Er unterstrich, daß die Mitglieder von „Wir Bürger“ in Kenntnis der neuen Situation möglicherweise anders abgestimmt hätten. Der Vorstand sei rechtlich abgesichert und habe das Recht, die Abstimmung zu unterbrechen, um den Mitgliedern eine informierte Entscheidung zu ermöglichen.

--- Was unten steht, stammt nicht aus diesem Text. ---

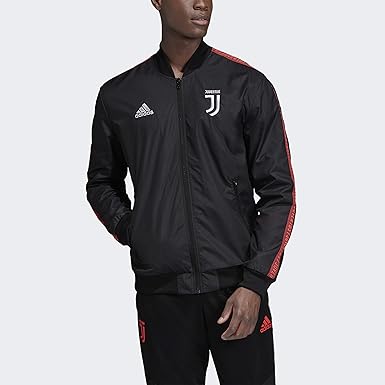 juventus jacket 2019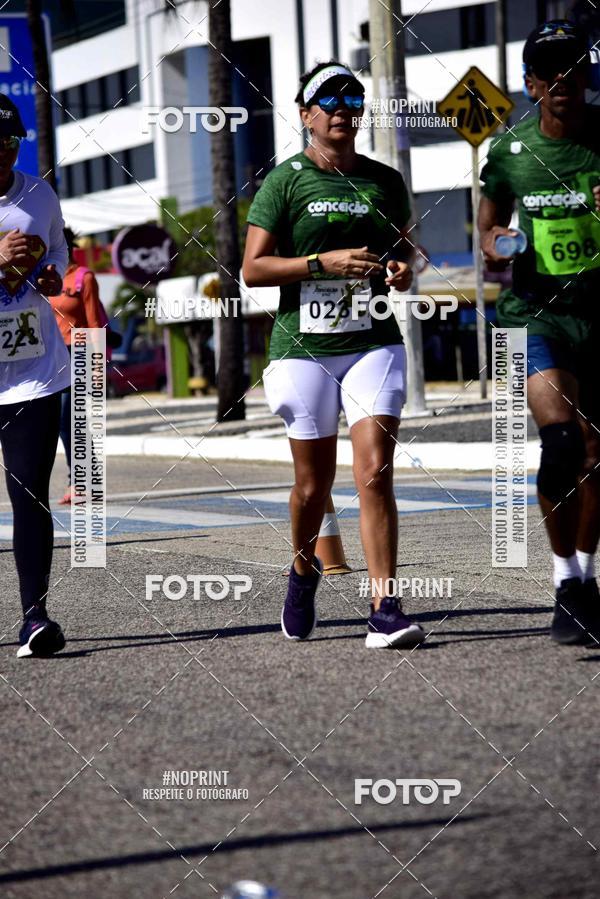 Buy your photos of the eventMeia da Concei��o on Fotop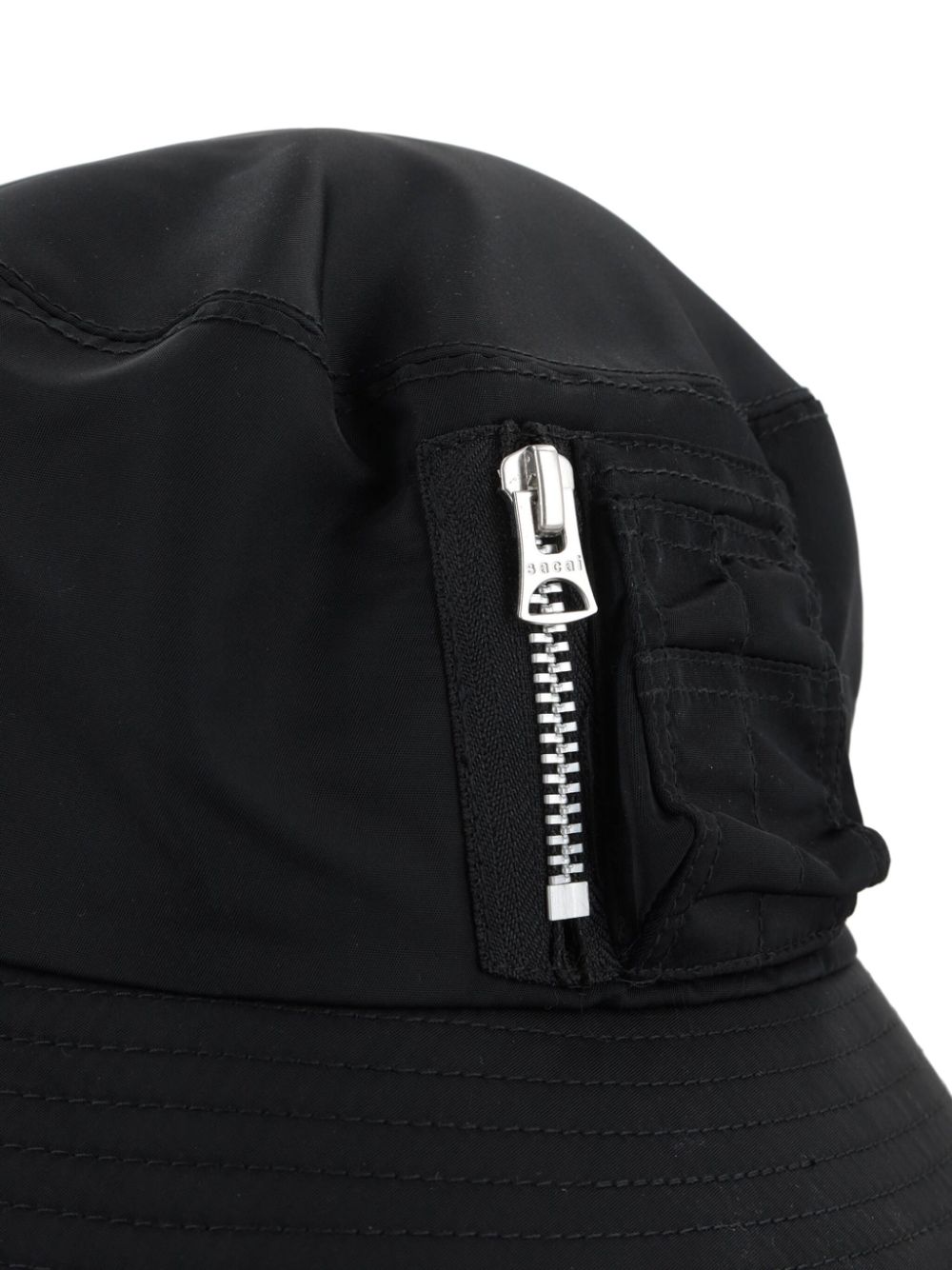 Cappello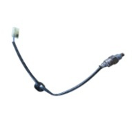 MotoPa Motorcycle Parts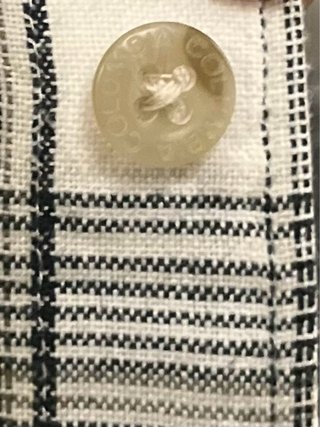 Camicia a quadri Columbia uomo XXL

Der stellvertretende Vorsitzender von Bündnis Deutschland, Carsten Schanz, zeigte sich irritiert über den Vorgang und die Art der Bekanntmachung. „Eine solche Entscheidung zunächst über soziale Medien entnehmen zu müssen, ist mehr als irritierend“, kritisierte Schanz. Dennoch werde die Urabstimmung ordnungsgemäß weitergeführt, und die Entscheidung werde respektiert. Laut Schanz sei der Vorstand von „Wir Bürger“ nicht befugt, eine Urabstimmung zu stoppen, die von den höchsten Parteiorganen beschlossen wurde. Die Aufnahme von Krall verteidigte er und verwies darauf, daß BD viele gute Politiker in seinen Reihen vereine. „Markus Krall ist ein kluger Kopf, der sicherlich in manchen Dingen streitbar ist. Doch er hat das Herz am richtigen Fleck, gute Ideen und kann sich geeignet einbringen. Unsere Partei wird viele kluge Köpfe einen und sich weiterentwickeln“, kündigte der Politiker an.

„Wir Bürger“-Chef Joost wiederum warnte davor, daß die Fusion ohne klare inhaltliche Grundlagen zu einer „permanenten inneren Zerrissenheit“ führen könnte. Seine Partei sehe in der Personalie Krall ein Risiko für das gemeinsame Projekt und fordere eine klare Positionierung von BD in bezug auf die politischen Inhalte des Publizisten. Man sei aber „jederzeit weiter gesprächsbereit“.

Die Partei „Wir Bürger“ ging aus der AfD-Abspaltung „Allianz für Fortschritt und Aufbruch“ hervor. Später benannte sich die Partei in „Liberal-Konservative Reformer“ um. Den aktuellen Namen trägt die Vereinigung seit 2023. Dagegen handelt es sich bei der BD-Partei um eine 2022 neugegründete Formation. Bundesvorsitzender ist der Ex-Freie-Wähler-Politiker Steffen Große. Das BD ist nach einer Fusion mit der Bremer Partei „Bürger in Wut“ von Jan Timke derzeit in Fraktionsstärke in der Bremischen Bürgerschaft vertreten.

Bei den Landtagswahlen in Thüringen und Sachsen erhielt das BD 0,5 beziehungsweise 0,3 Prozent. „Wir Bürger“ trat dabei nicht an.